_Instructions for the task_.
Every line of the data below is to be given again as it appears, with the images removed.

_Recorded information_.
# # # # # # #

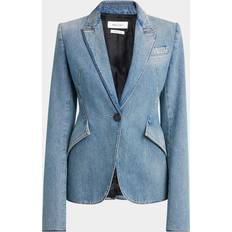Denim Blazers Alexander McQueen Light-Wash Denim Single-Breasted Blazer - Indigo Ivy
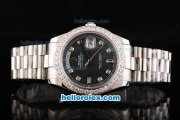 Rolex Day Date II Automatic Movement Full Steel with Diamond Bezel-Diamond Markers and Black MOP Dial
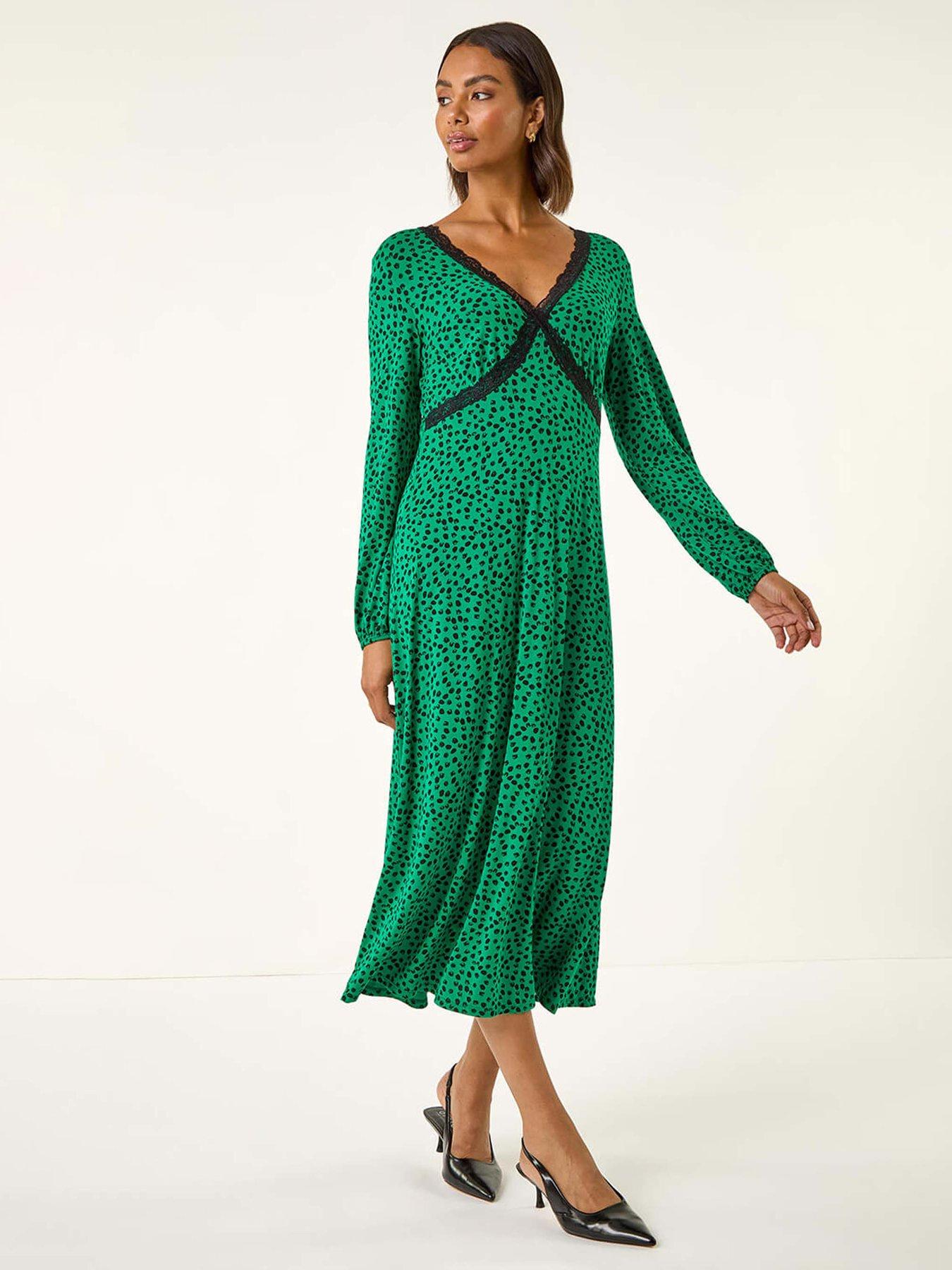 Image 1 of 5 of Roman Lace Front Midi Dress - Green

# # # # # # #

_Answer to this task_.
Denim Blazers Alexander McQueen Light-Wash Denim Single-Breasted Blazer - Indigo Ivy
 Rolex Day Date II Automatic Movement Full Steel with Diamond Bezel-Diamond Markers and Black MOP Dial
 Image 1 of 5 of Roman Lace Front Midi Dress - Green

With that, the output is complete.